Une commission fédérale présente 100 recommandations pour la sécurité suisse de demain
Marquée par la guerre en Ukraine et des régions en crise déstabilisées, la situation en Europe s'est fortement dégradée, constate la commission dans son rapport. Ses recommandations portent sur la neutralité, la coopération internationale, l'orientation des instruments de la politique de sécurité et la politique d'armement.
A une large majorité, la commission recommande de porter le budget de l'armée à 1% du PIB d'ici à 2030, comme le souhaitent les partis bourgeois. Ces recommandations seront intégrées dans les travaux relatifs à la stratégie de politique de sécurité 2025. La commission propose aussi de renforcer les effectifs, notamment avec l'obligation de servir pour les binationaux.
Neutralité assouplie
La commission propose d'appliquer la politique de neutralité avec plus de souplesse et de se concentrer davantage sur sa fonction de sécurité, qui n'est plus garantie aujourd'hui. Le simple fait d'être neutre ne protège pas la Suisse d'une attaque, pointe Katja Gentinetta, rédactrice du rapport. Il s'agit d'un "instrument et non d'une finalité de l'Etat".
La neutralité révisée doit s'aligner sur la Charte des Nations unies et distinguer agresseur et victime, qui a le droit de se défendre. Dans ce cadre, la commission veut également revoir la loi sur le matériel de guerre et ses règles restrictives en matière de réexportation. Les exportations devraient être adaptées aux évolutions géopolitiques.
Coopération internationale avec l'Otan et l'UE
En outre, la coopération avec l'Otan et l'UE doit être approfondie afin de développer une capacité de défense commune. La Suisse est le seul pays qui a renoncé à une obligation d'assistance réciproque. La Suisse ne peut pas "représenter une faille de sécurité" en Europe, et sa situation géographique rend évidente une coopération au niveau de la défense.
Pour la commission, la neutralité n'est pas un obstacle à une collaboration avec l'Otan. Mais seule une minorité est favorable à une adhésion à l'organisation. La Suisse a besoin d'une conception de défense globale, y compris contre la désinformation et les influences. L'armée doit être réorientée vers sa capacité de défense et maîtriser le combat interarmes. Les infrastructures critiques doivent être mieux protégées.
Composition de la commission dénoncée
La commission d'étude est composée de six parlementaires qui représentent les principaux partis. Mais 14 autres acteurs s'y trouvent également, dont l'organisation patronale Economiesuisse, des expertes en sécurité et en politique internationale et des militaires.

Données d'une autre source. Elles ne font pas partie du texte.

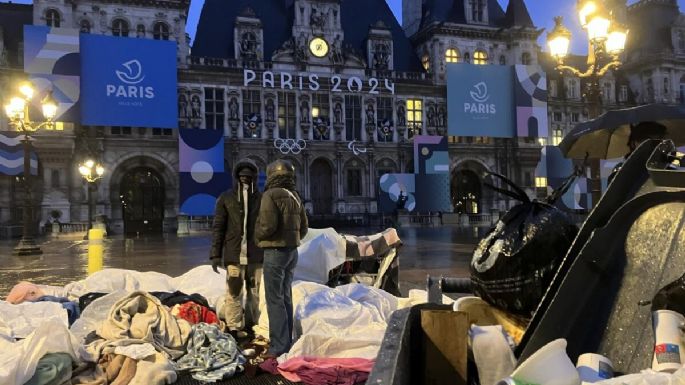 Policía francesa desaloja campamento de desamparados al sur de París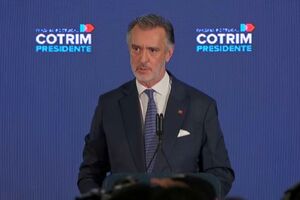 Cotrim de Figueiredo: "Portugueses vão ser confrontados com a péssima escolha entre Seguro e Ventura"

Mais cette composition a elle-même fait l'objet de critiques. Le socialiste Pierre-Alain Fridez en est sorti avant la fin du rapport, écrivait Le Temps la semaine dernière. Selon les Vert-e-s, le rapport "est une farce" et la commission conforte la ligne de la conseillère fédérale Viola Amherd. "Une commission arbitrairement choisie, le refus du dialogue, un choix thématique unilatéral": les éléments sont réunis pour faire hérisser le poil du parti écologiste.
Un rapport critiqué de gauche à droite
Le Département fédéral de la défense n’était pas prêt à dialoguer avec des voix différentes ou d'autres idées, indique dans le communiqué Marionna Schlatter (ZH), qui a représenté les Vert-e-s au sein de la commission. Ceux-ci estiment s'être impliqués de manière constructive, proposant leurs propres thématiques et points de vue. Selon elle, "une politique de sécurité n'est visionnaire que si elle comprend également la promotion de la paix civile, la prévention des conflits et la protection climatique".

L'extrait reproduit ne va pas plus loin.